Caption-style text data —
============
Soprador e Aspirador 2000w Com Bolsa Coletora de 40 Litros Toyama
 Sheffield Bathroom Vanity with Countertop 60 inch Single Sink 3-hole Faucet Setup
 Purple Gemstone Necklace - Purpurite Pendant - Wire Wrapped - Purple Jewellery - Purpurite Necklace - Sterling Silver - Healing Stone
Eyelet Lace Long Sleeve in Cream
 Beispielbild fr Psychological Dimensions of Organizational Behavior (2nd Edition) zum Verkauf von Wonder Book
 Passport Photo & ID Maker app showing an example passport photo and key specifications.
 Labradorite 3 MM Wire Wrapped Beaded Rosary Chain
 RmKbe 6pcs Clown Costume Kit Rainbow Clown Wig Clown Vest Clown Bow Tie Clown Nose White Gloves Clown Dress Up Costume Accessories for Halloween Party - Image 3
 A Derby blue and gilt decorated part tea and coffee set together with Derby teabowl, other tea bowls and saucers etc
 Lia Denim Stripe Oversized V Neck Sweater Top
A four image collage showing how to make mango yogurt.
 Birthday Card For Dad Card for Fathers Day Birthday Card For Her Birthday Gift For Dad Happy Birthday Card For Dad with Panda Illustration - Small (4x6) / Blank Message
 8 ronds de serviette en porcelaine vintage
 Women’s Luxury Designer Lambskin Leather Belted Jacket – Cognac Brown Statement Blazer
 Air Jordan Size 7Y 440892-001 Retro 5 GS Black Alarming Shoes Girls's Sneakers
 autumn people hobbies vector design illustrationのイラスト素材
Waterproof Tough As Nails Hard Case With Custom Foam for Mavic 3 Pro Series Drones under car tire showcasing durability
============
Task item — Each line from the one holding "Purple Gemstone Necklace" to the end of the entries is to be written out exactly. Skip every line before it.

Reply to the exercise —
 Purple Gemstone Necklace - Purpurite Pendant - Wire Wrapped - Purple Jewellery - Purpurite Necklace - Sterling Silver - Healing Stone
Eyelet Lace Long Sleeve in Cream
 Beispielbild fr Psychological Dimensions of Organizational Behavior (2nd Edition) zum Verkauf von Wonder Book
 Passport Photo & ID Maker app showing an example passport photo and key specifications.
 Labradorite 3 MM Wire Wrapped Beaded Rosary Chain
 RmKbe 6pcs Clown Costume Kit Rainbow Clown Wig Clown Vest Clown Bow Tie Clown Nose White Gloves Clown Dress Up Costume Accessories for Halloween Party - Image 3
 A Derby blue and gilt decorated part tea and coffee set together with Derby teabowl, other tea bowls and saucers etc
 Lia Denim Stripe Oversized V Neck Sweater Top
A four image collage showing how to make mango yogurt.
 Birthday Card For Dad Card for Fathers Day Birthday Card For Her Birthday Gift For Dad Happy Birthday Card For Dad with Panda Illustration - Small (4x6) / Blank Message
 8 ronds de serviette en porcelaine vintage
 Women’s Luxury Designer Lambskin Leather Belted Jacket – Cognac Brown Statement Blazer
 Air Jordan Size 7Y 440892-001 Retro 5 GS Black Alarming Shoes Girls's Sneakers
 autumn people hobbies vector design illustrationのイラスト素材
Waterproof Tough As Nails Hard Case With Custom Foam for Mavic 3 Pro Series Drones under car tire showcasing durability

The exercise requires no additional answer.